Key features of the 2010 plan are summarized as follows:

Number of Shares Available for Award

Up to 3,000,000 shares of our common stock may be issued pursuant to awards granted under the 2010 plan, plus an additional amount up to 5,443,833 shares of our common stock underlying already outstanding awards from the 2000 Plan (with this number assuming that all awards issued under the 2000 Plan as of March 29, 2010 expire or are canceled without the holders receiving any shares under those awards, and applying the fungible share counting rules described below. These numbers are also subject to adjustment in the event of stock splits and other similar events. Shares issued under the 2010 Plan may be authorized and unissued shares, or may be issued from shares that we have reacquired (provided that open-market purchases of shares using the proceeds from the exercise of awards do not increase the number of shares available for future grants).

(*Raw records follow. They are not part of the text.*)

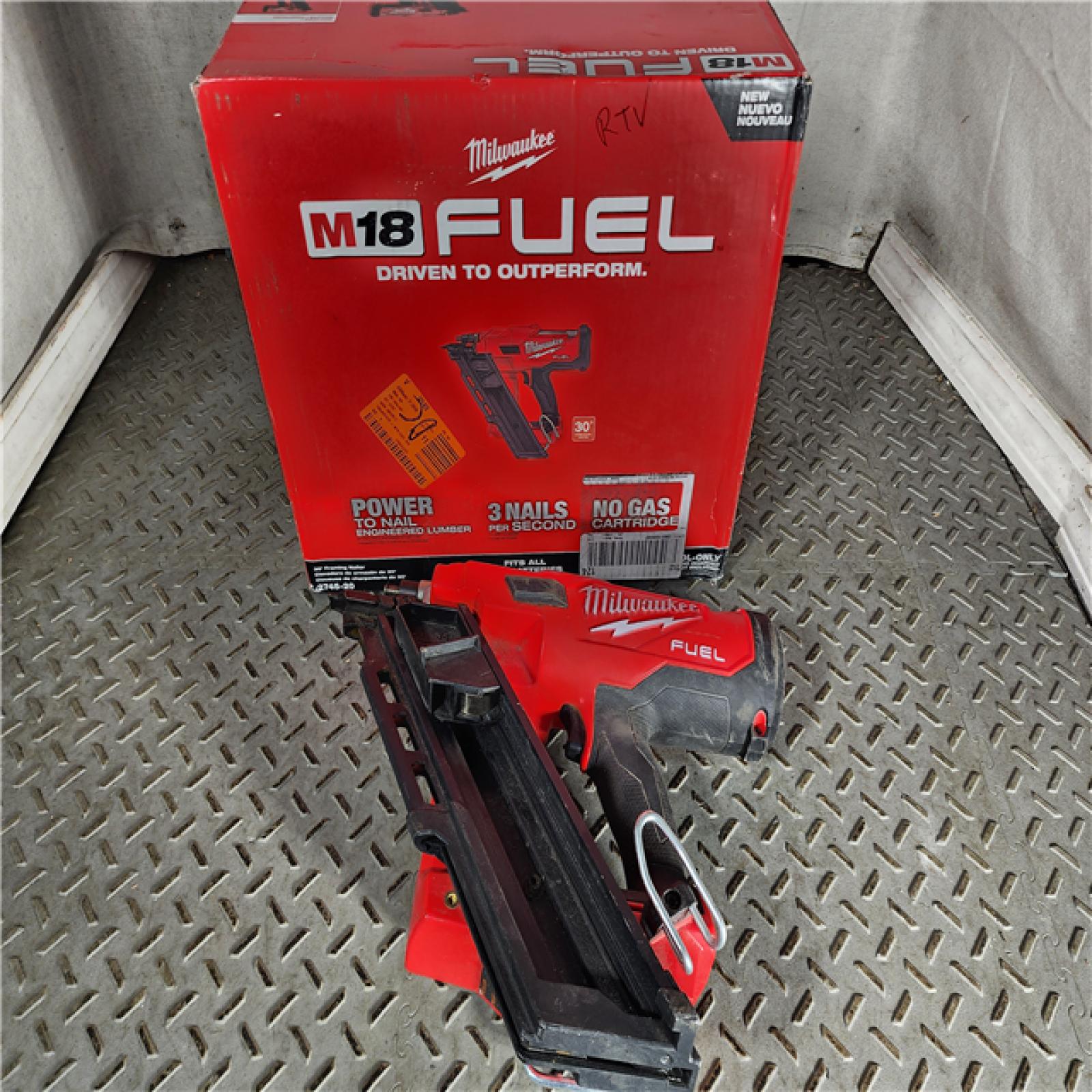 HOUSTON LOCATION - AS-IS Milwaukee M18 FUEL 30 Degree Framing Nailer (TOOL ONLY)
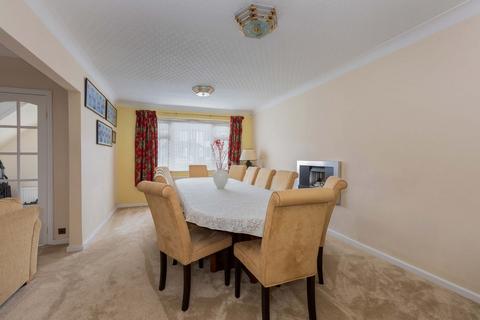 30 Sutton Avenue, Slough, SL3 7AW
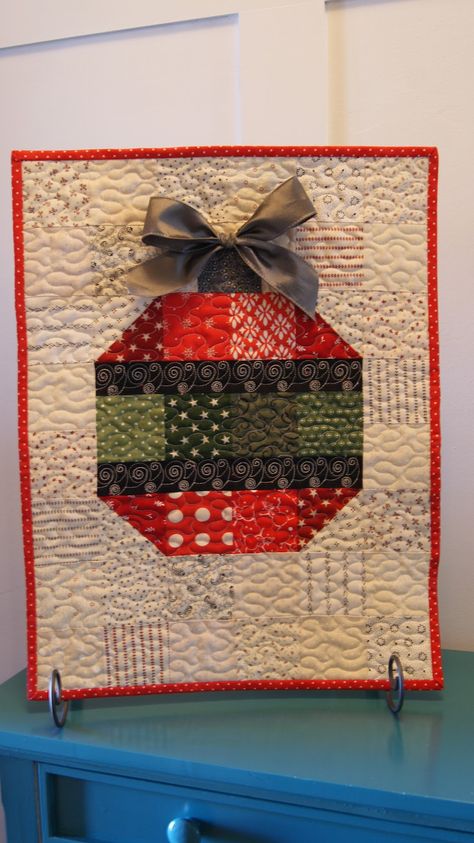 Christmas Quilting Projects, Christmas Quilt Blocks, Quilted Projects, Christmas Tree Quilt, Christmas Patchwork, Christmas Quilting, Ornament Wall, Christmas Sewing Projects, Christmas Quilt Patterns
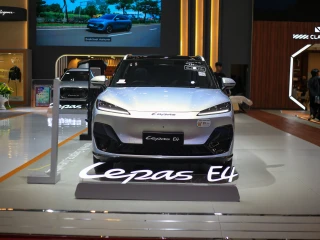 LEPAS Gandeng Jakarta Fashion Week di GIIAS 2026, Padukan Mobilitas Elektrifikasi dan Dunia Fashion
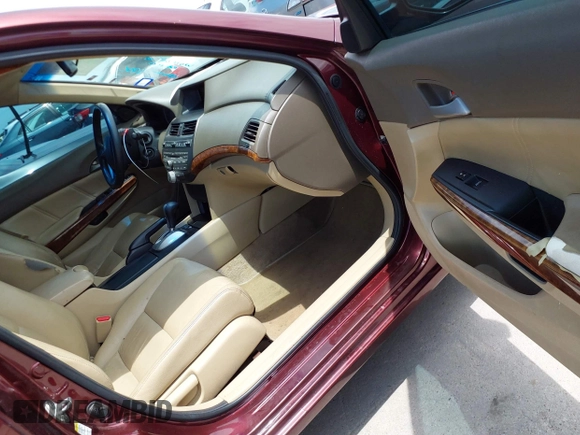2010 Honda Accord EX-L z VIN 1HGCP2F87AA064874, wystawiony jako IAAI lot #42317782 z przebiegiem 247 134 mil mil oraz . Historia ofert i sprzedaży dostępna na DreamBid. Obrazek 5.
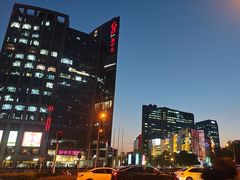 -新中关购物中心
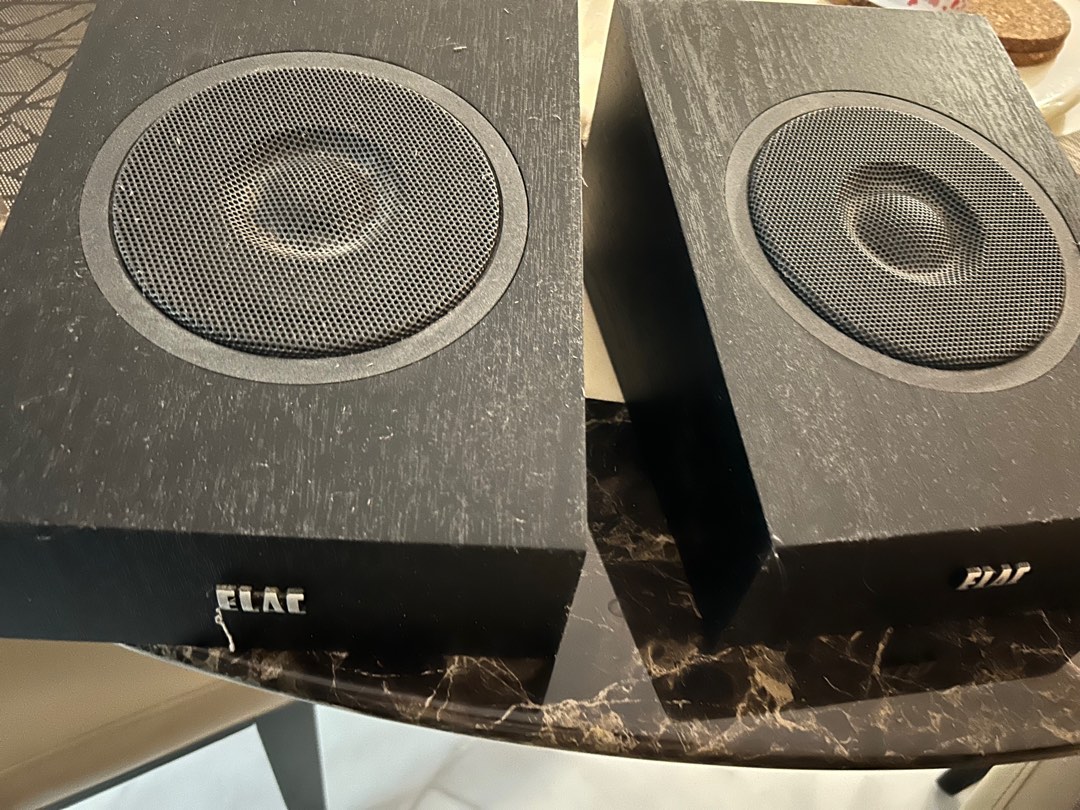 Elac a4 top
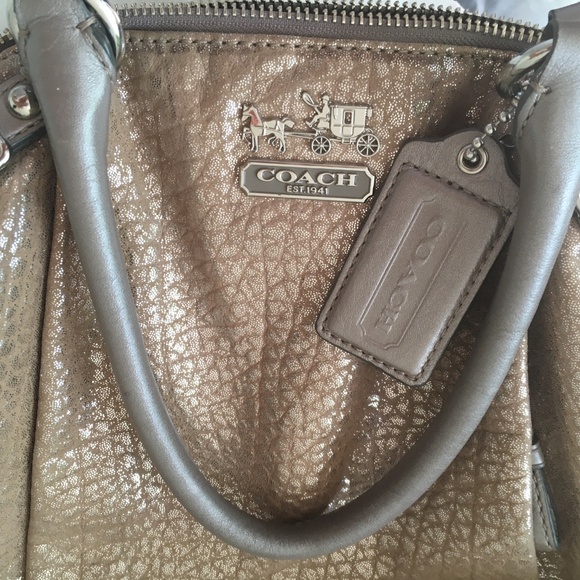 SOLD Coach vintage metallic Lidsey leather handbag, champagne - Picture 11 of 16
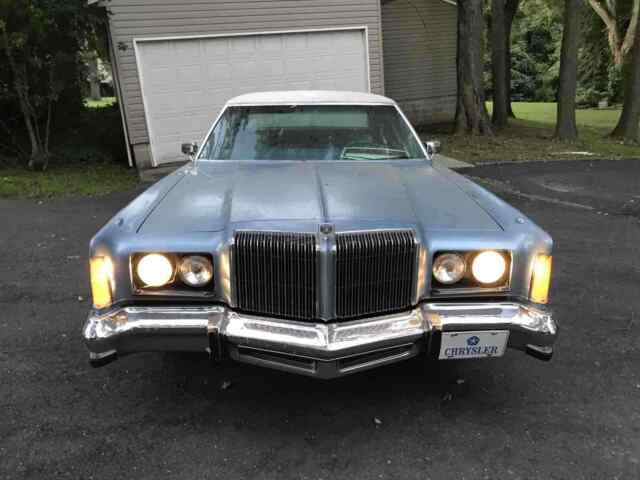 Chrysler New Yorker Brougham 1977 image number 1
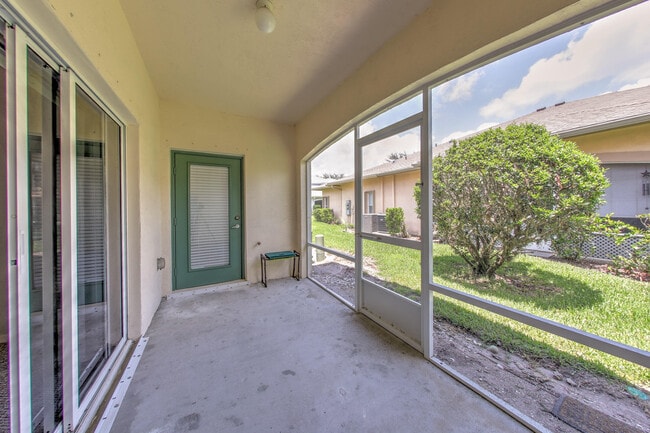 Building Photo - 1868 S Dovetail Dr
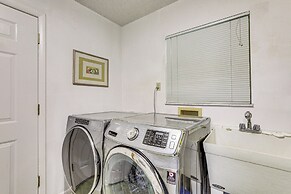 Lakefront Frostproof Vacation Rental w/ Beach!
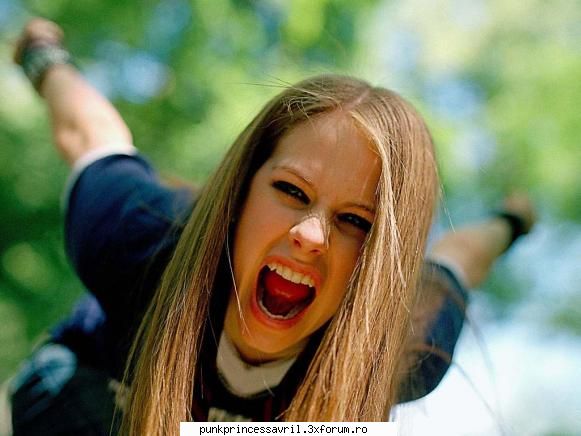 Poze Avril - 6 poze,crek am 1000 de poza q ea dar dak stau sa - Album foto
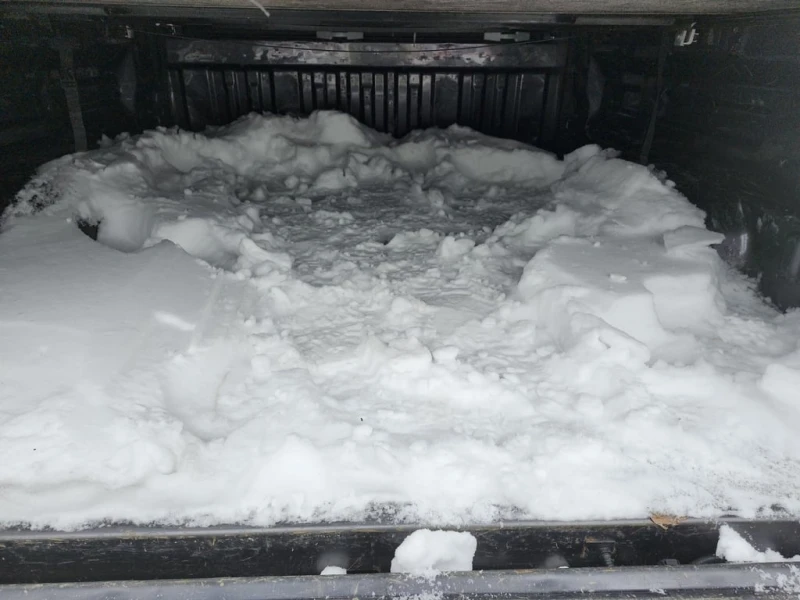 Toyota Tundra * SR5 PLUS CREW CAB STD BED * CARFAX * БЕЗ ПЪРВОНА, снимка 13 - Автомобили и джипове - 52999660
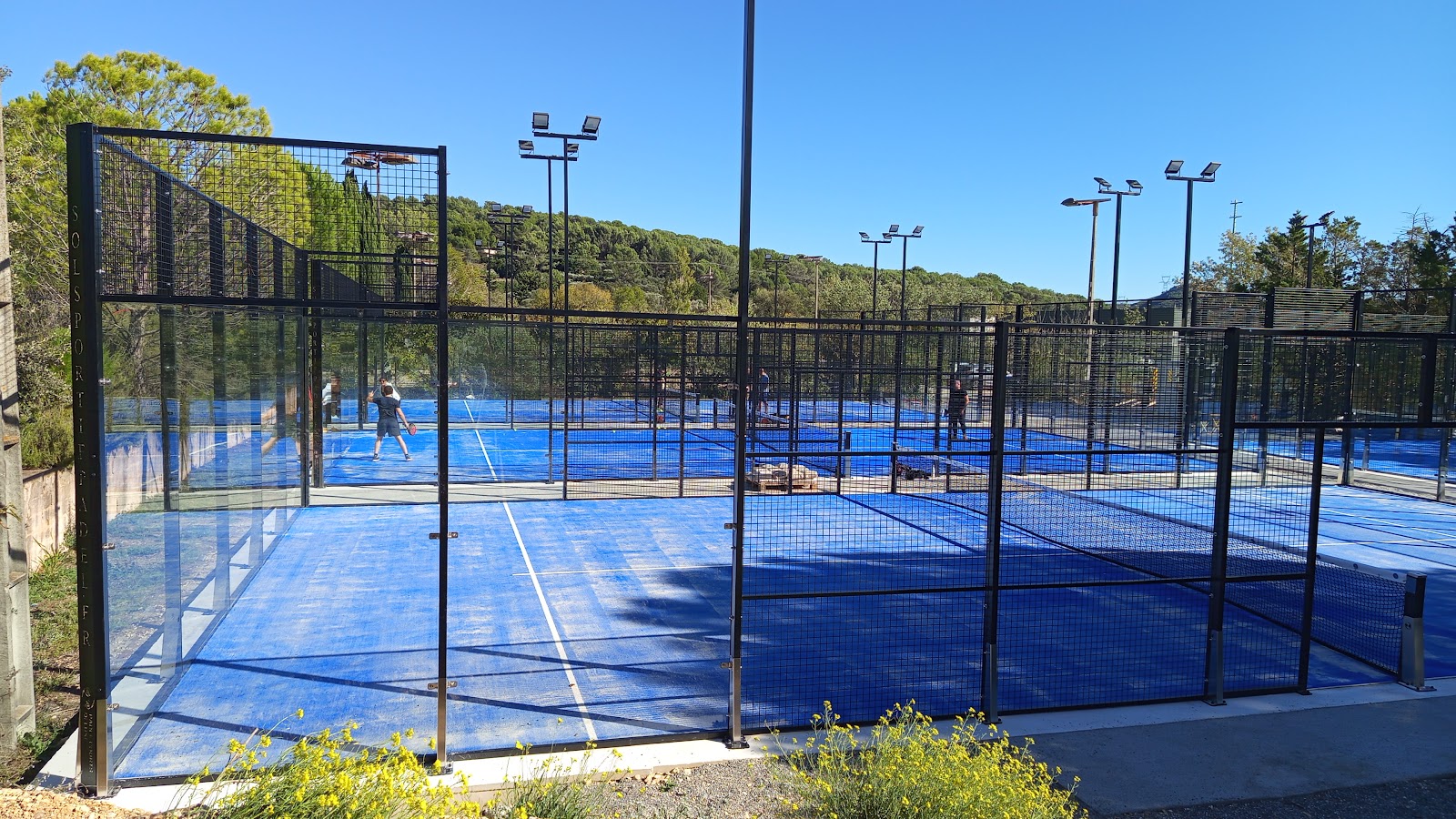 PADEL TWINS COUDOUX, club de padel à Coudoux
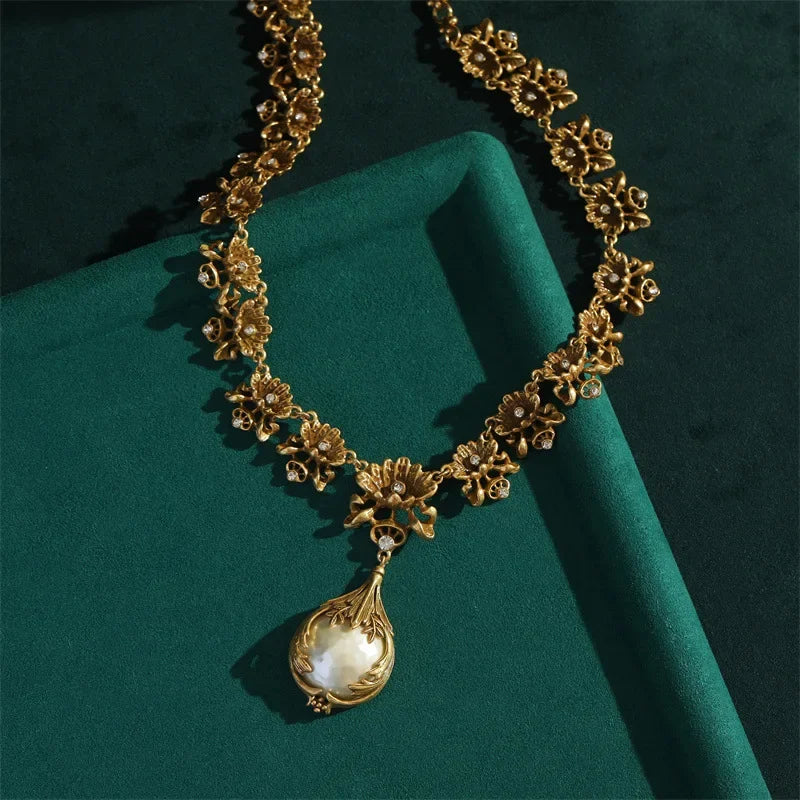 Women Vintage Flower Rhinestone Choker Antique Elegant Baroque Pearl Necklace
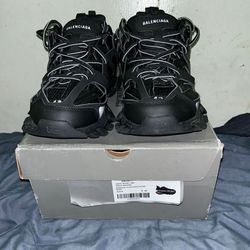 Balenciaga Track runners size 10m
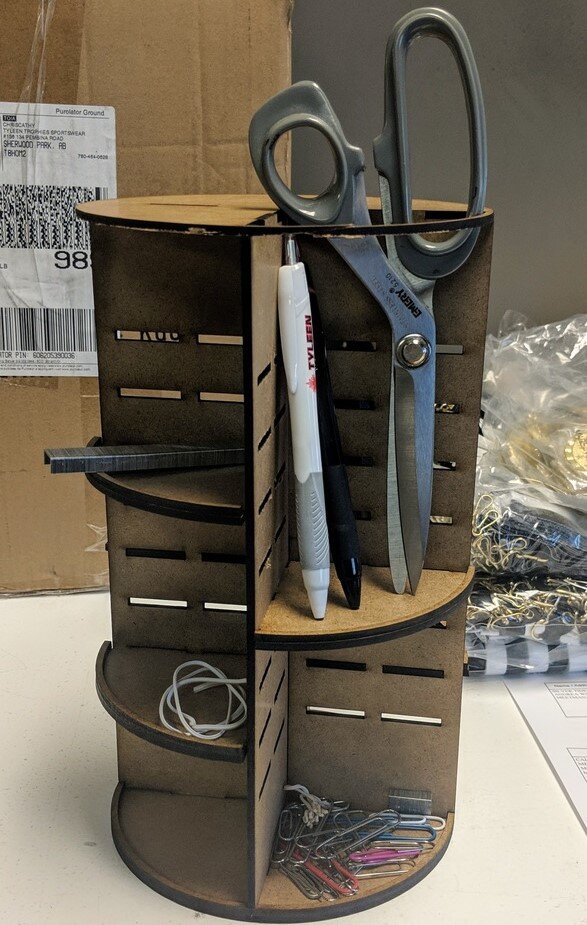 Intra απο ξύλο plywood 3mm-4mm πάχος - Ράφι αποθήκευσης προμηθειών χειροτεχνίας σε στρογγυλό σχήμα Δίασταση 30x30 cm Intraeaxys-d1lvl86o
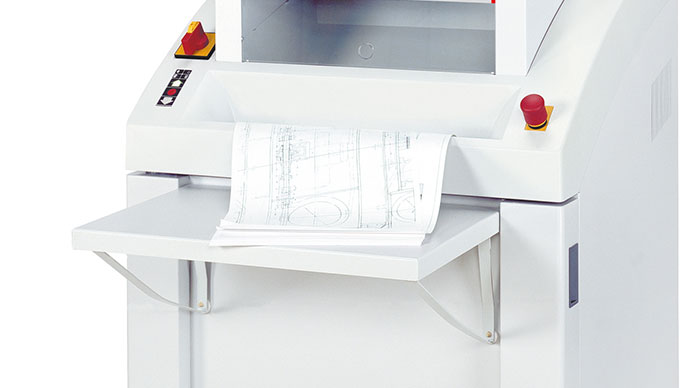 La HSM 450.2 incorpora una práctica plataforma de carga abatible, que permite apilar papel para ir destruyendo con total comodidad.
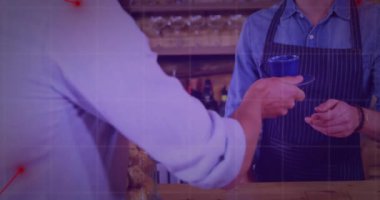 Ödeme terminalini kullanan insanların finansal veri işlemlerinin animasyonu. küresel çevrimiçi alışveriş, iş, finans, veri işleme ve dijital arayüz kavramı dijital olarak oluşturulmuş video.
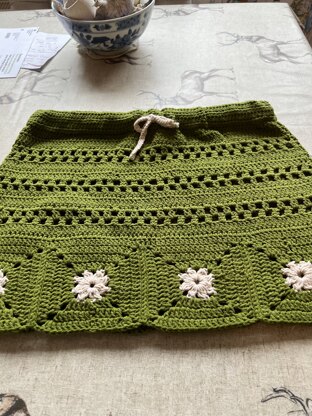 FLOWER POWER CROCHET SKIRT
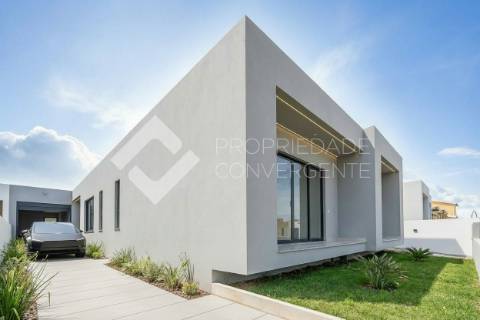 Moradia Isolada T4 com piscina - Azeitão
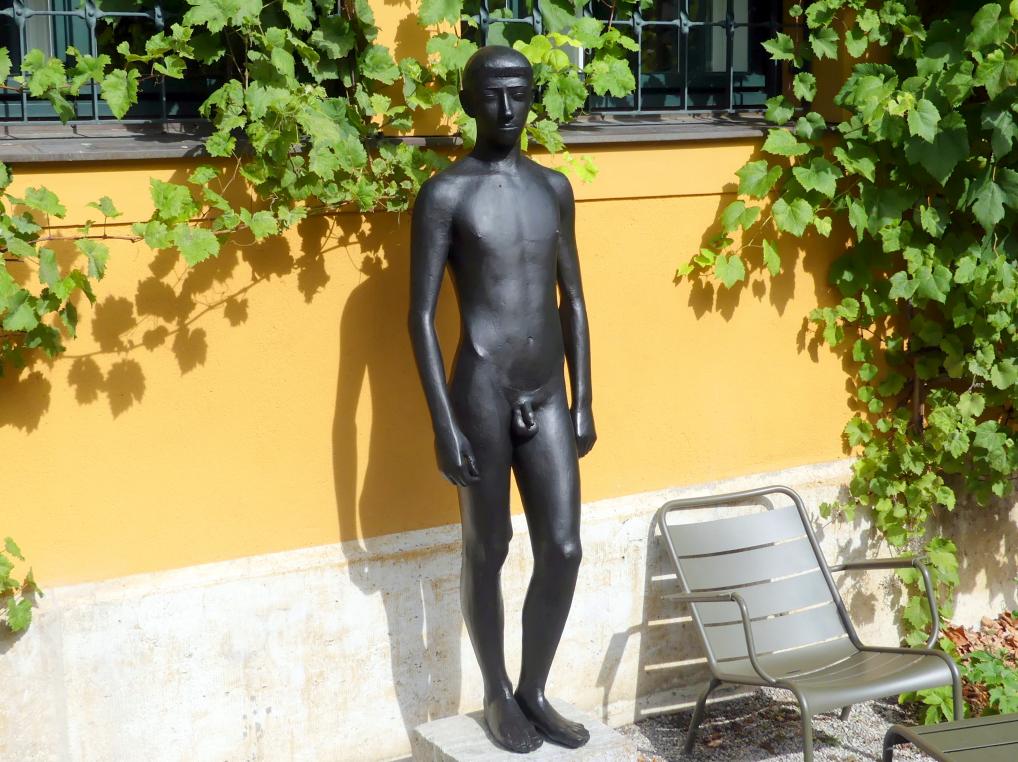 Hans Wimmer (1951–1989), Stehender Jüngling, München, Lenbachhaus, Garten, 1951, Bild 3/4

The 2010 Plan uses a “fungible share” concept under which the awards of options and stock appreciation rights, or SARs, cause one share per covered share to be removed from the available share pool, while the award of restricted stock, restricted stock units, or other stock-based awards where the price charged for the award is less than 100% of the fair market value of our common stock will be counted against the pool as 1.35 shares. Shares covered by awards under the 2010 and 2000 Plans that are forfeited, cancelled or otherwise expire without having been exercised or settled, or that are settled by cash or other non-share consideration, become available for issuance pursuant to a new award and will be credited back to the pool at the same rates described above. Shares that are tendered or withheld to pay the exercise price of an award or to satisfy tax withholding obligations are not available for issuance pursuant to new awards. Shares are subtracted for exercises of SARs using the proportion of the total SAR that is exercised, rather than the number of shares actually issued.

Types of Awards

The 2010 Plan provides for the grant of incentive stock options intended to qualify under Section 422 of the Internal Revenue Code of 1986, as amended, or “Code”, nonstatutory stock options, SARs, restricted stock, restricted stock units and other stock-based and cash-based awards as described below.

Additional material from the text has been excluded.